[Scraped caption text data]
┌──
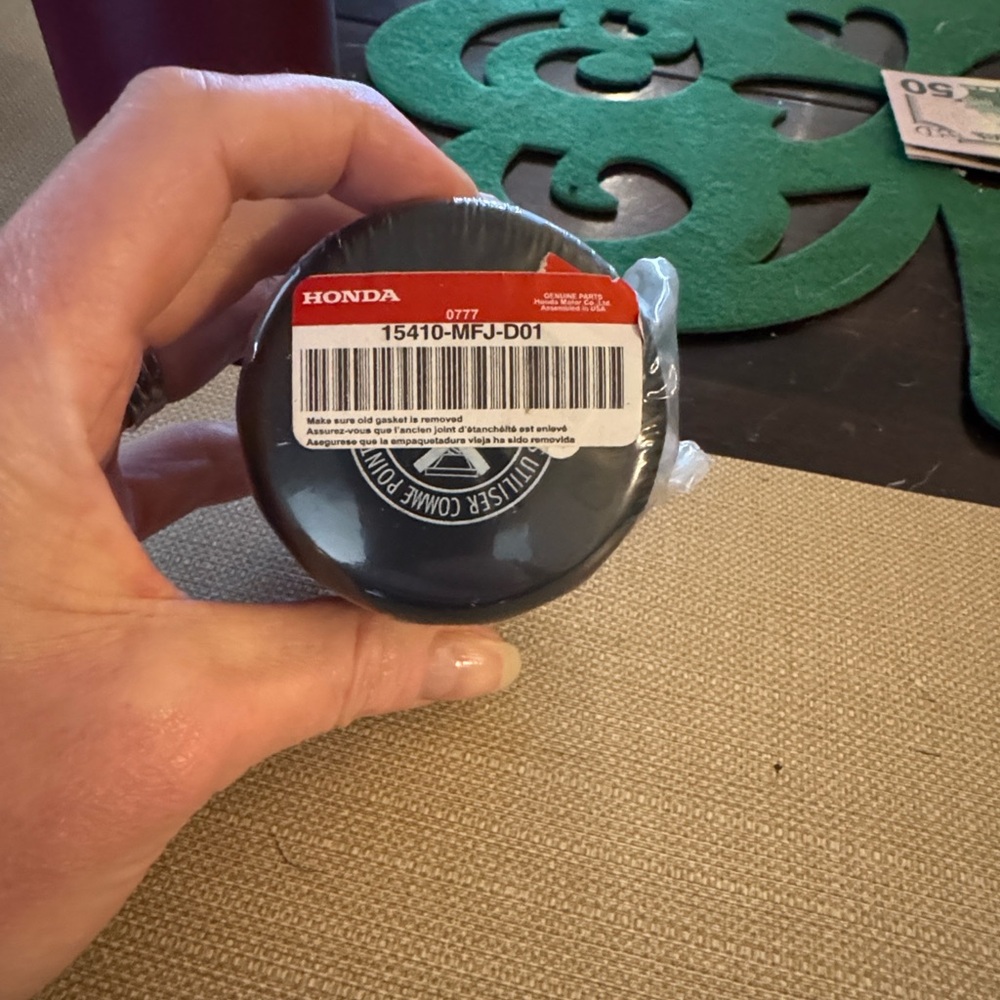 Honda Black Oil Filter Cap - Genuine Honda Part 15410-MFJ-D01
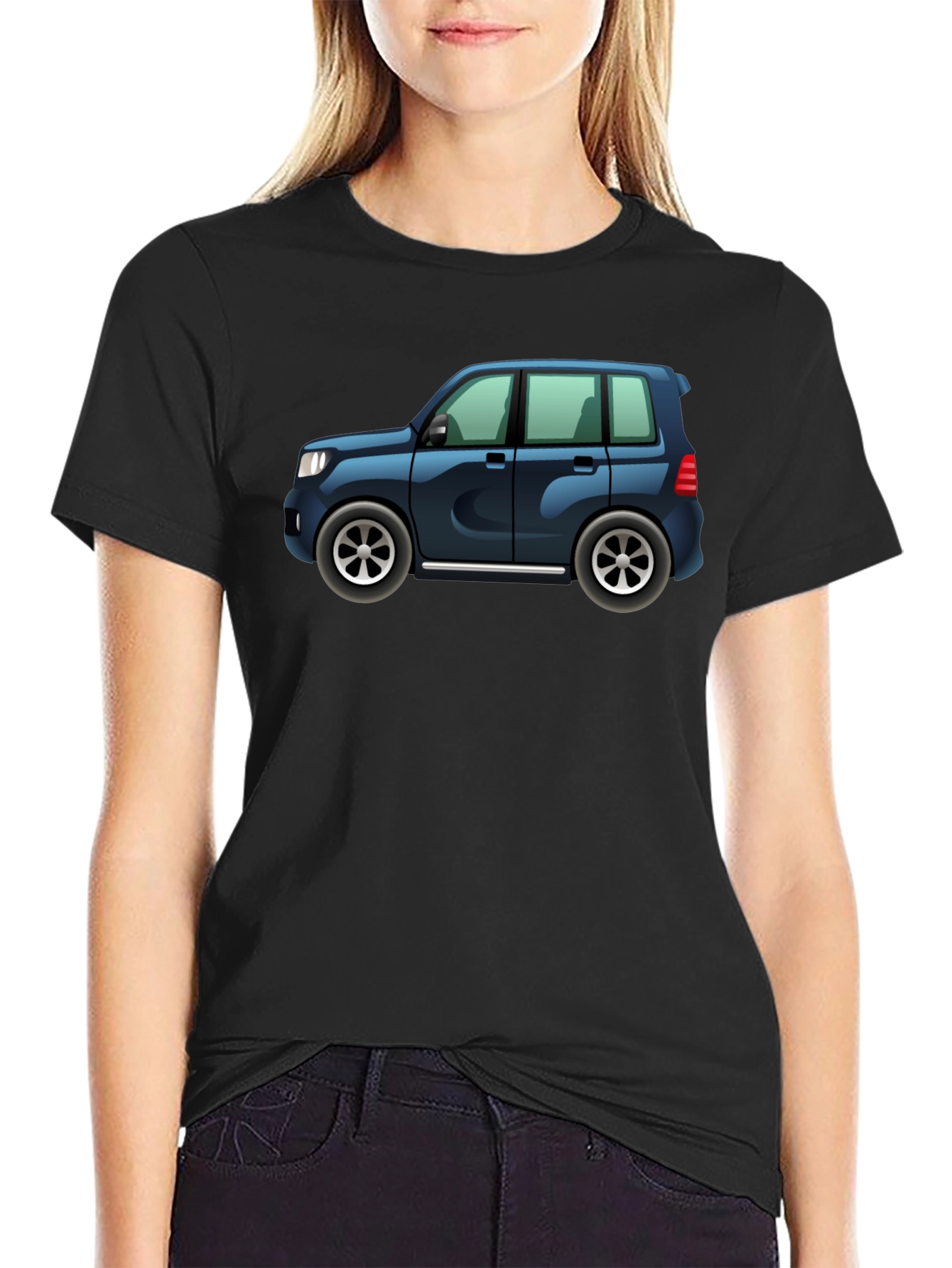 Cartoon Car Graphic Tee - Black Cotton Casual Shirt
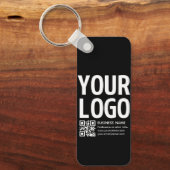 Ihr Logo mit editierbarem QR-Code und Text Schlüsselanhänger (Vorderseite)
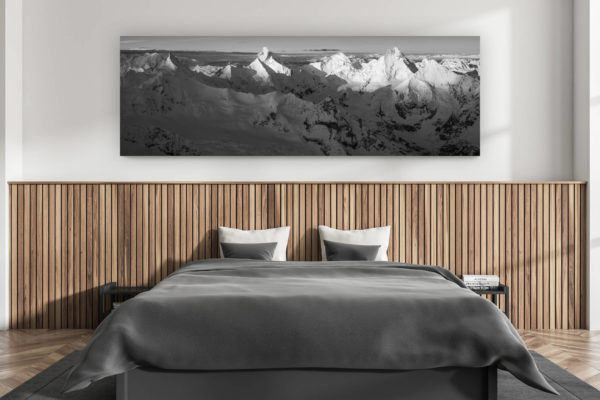 wall decoration adult room modern - interior swiss chalet - photo mountains large size swiss alps - framed photo imperial crown of Zinal - decoration mountain chalet atmosphere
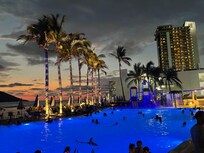 swimming pool at night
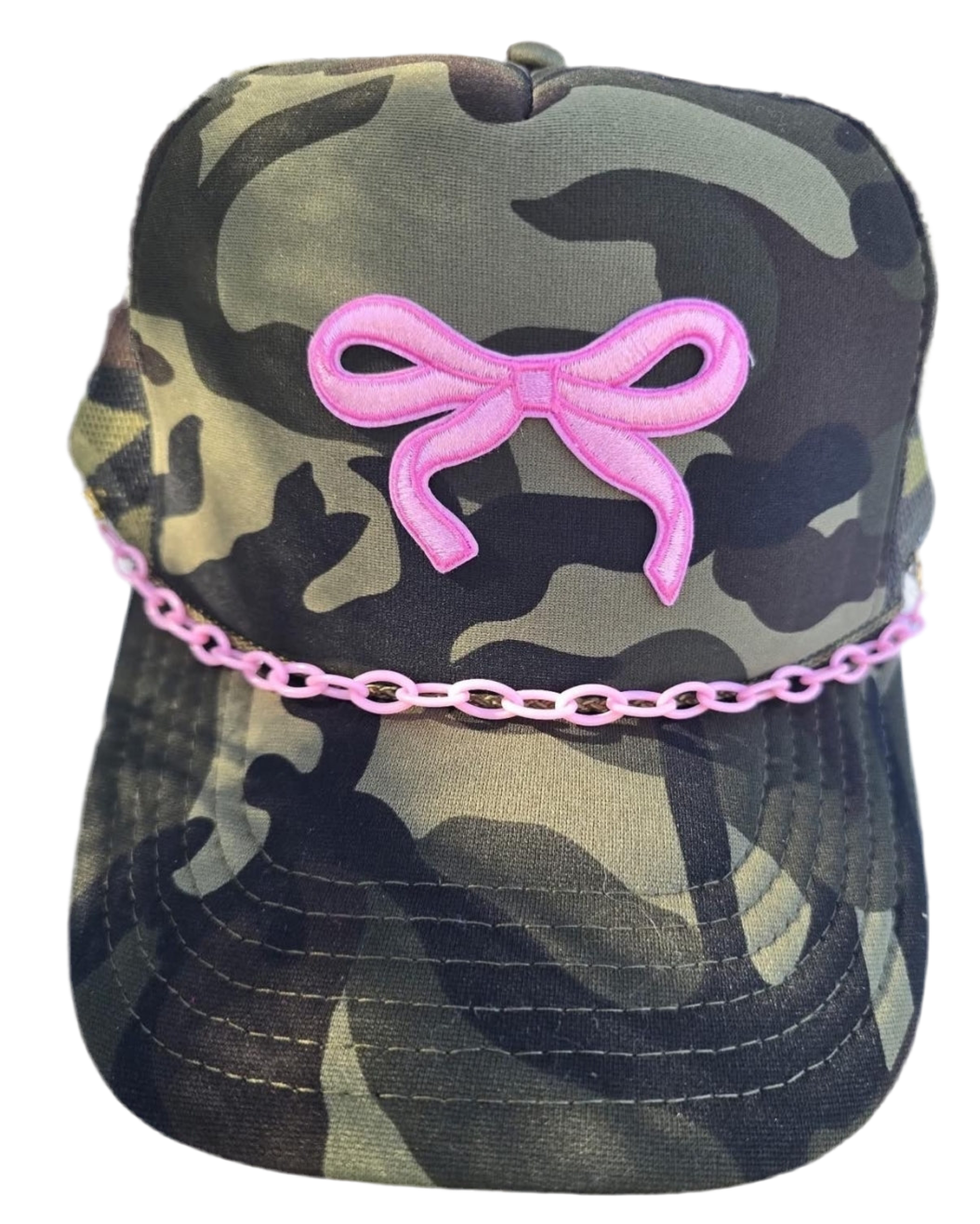 Pink Bow Camo Trucker Hat with Pink Chain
└──
The result should be an exact repetition of all the records. Drop the pictures.

*Expected answer:*
 Honda Black Oil Filter Cap - Genuine Honda Part 15410-MFJ-D01
 Cartoon Car Graphic Tee - Black Cotton Casual Shirt
 Ihr Logo mit editierbarem QR-Code und Text Schlüsselanhänger (Vorderseite)
 wall decoration adult room modern - interior swiss chalet - photo mountains large size swiss alps - framed photo imperial crown of Zinal - decoration mountain chalet atmosphere
 swimming pool at night
 Pink Bow Camo Trucker Hat with Pink Chain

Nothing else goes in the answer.